EXERCISE DATA:
-- -- --
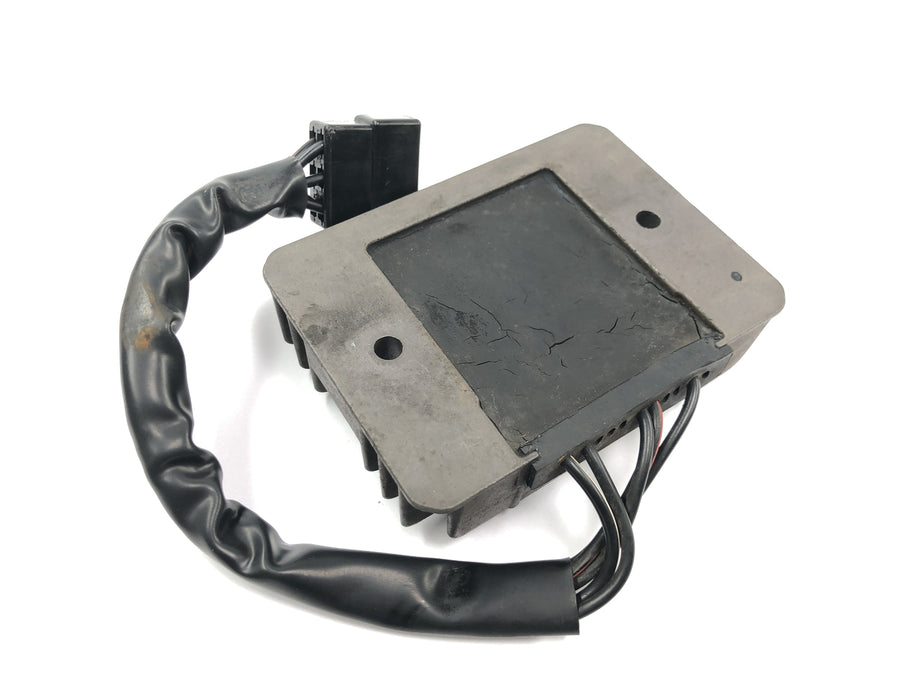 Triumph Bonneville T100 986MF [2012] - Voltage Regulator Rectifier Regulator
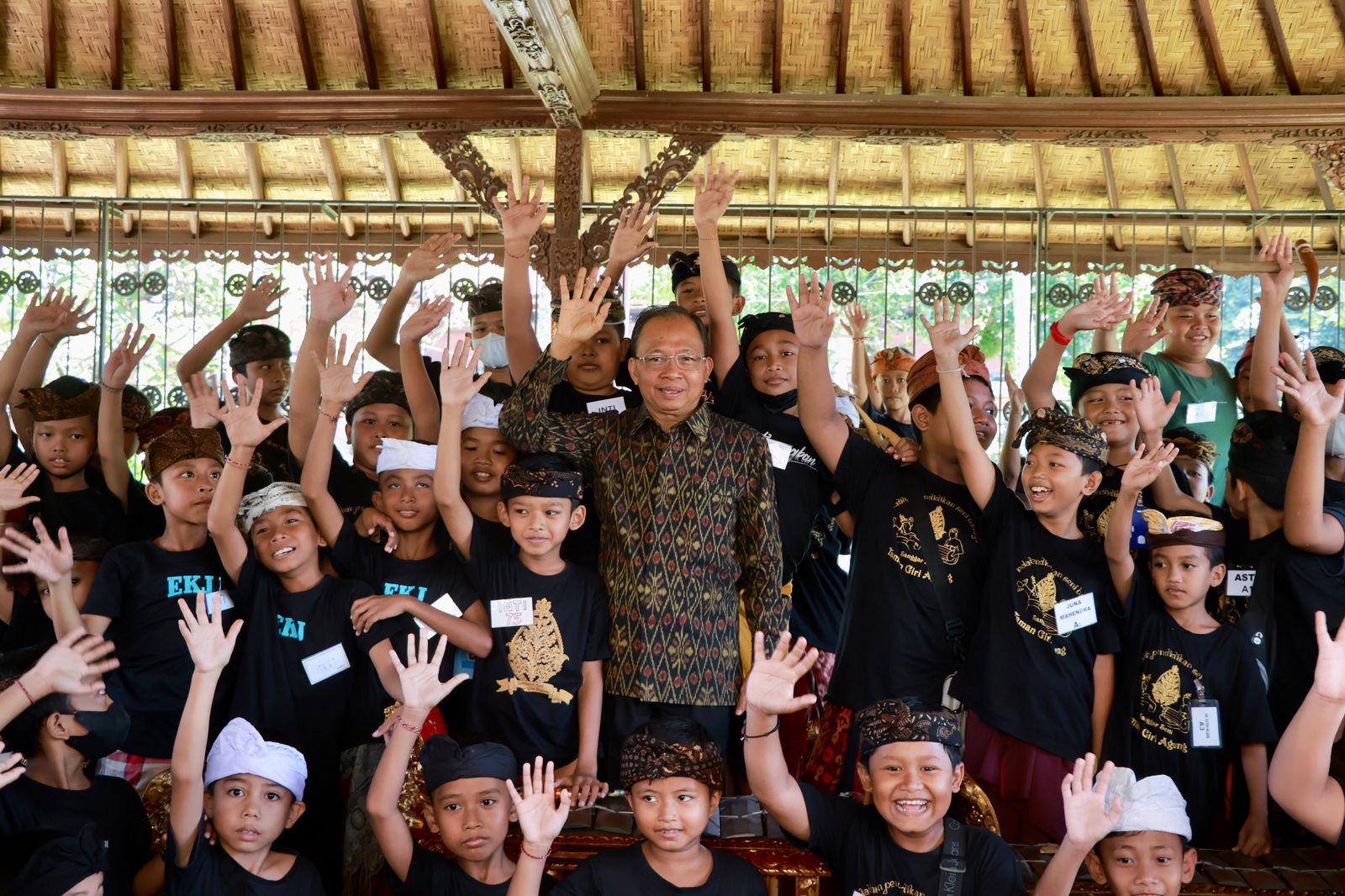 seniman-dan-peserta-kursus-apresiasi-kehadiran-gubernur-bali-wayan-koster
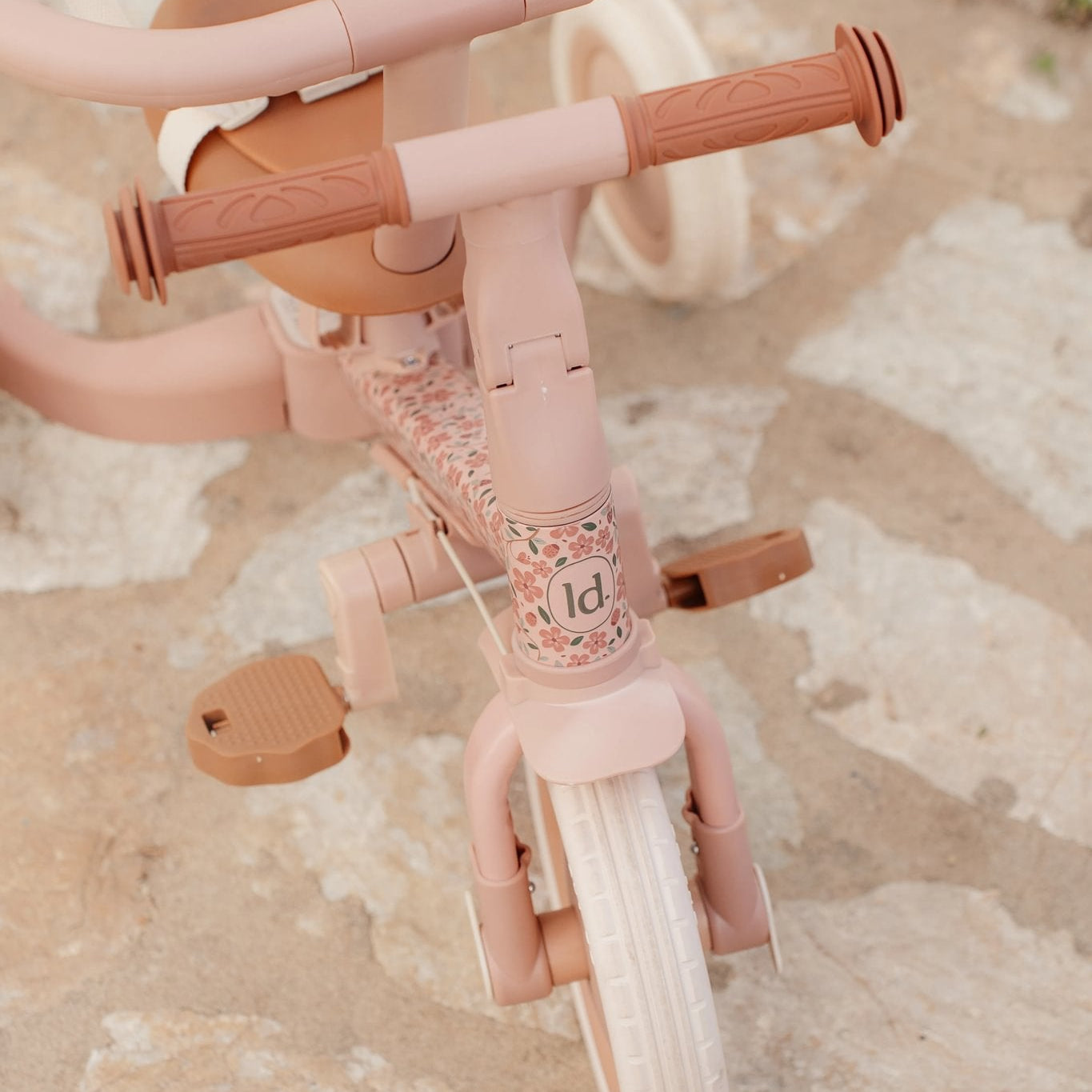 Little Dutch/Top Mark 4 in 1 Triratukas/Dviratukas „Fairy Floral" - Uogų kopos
-- -- --
YOUR GOAL:
Copy the listing in full and without alteration, omitting every picture.

TASK ANSWER:
 Triumph Bonneville T100 986MF [2012] - Voltage Regulator Rectifier Regulator
 seniman-dan-peserta-kursus-apresiasi-kehadiran-gubernur-bali-wayan-koster
 Little Dutch/Top Mark 4 in 1 Triratukas/Dviratukas „Fairy Floral" - Uogų kopos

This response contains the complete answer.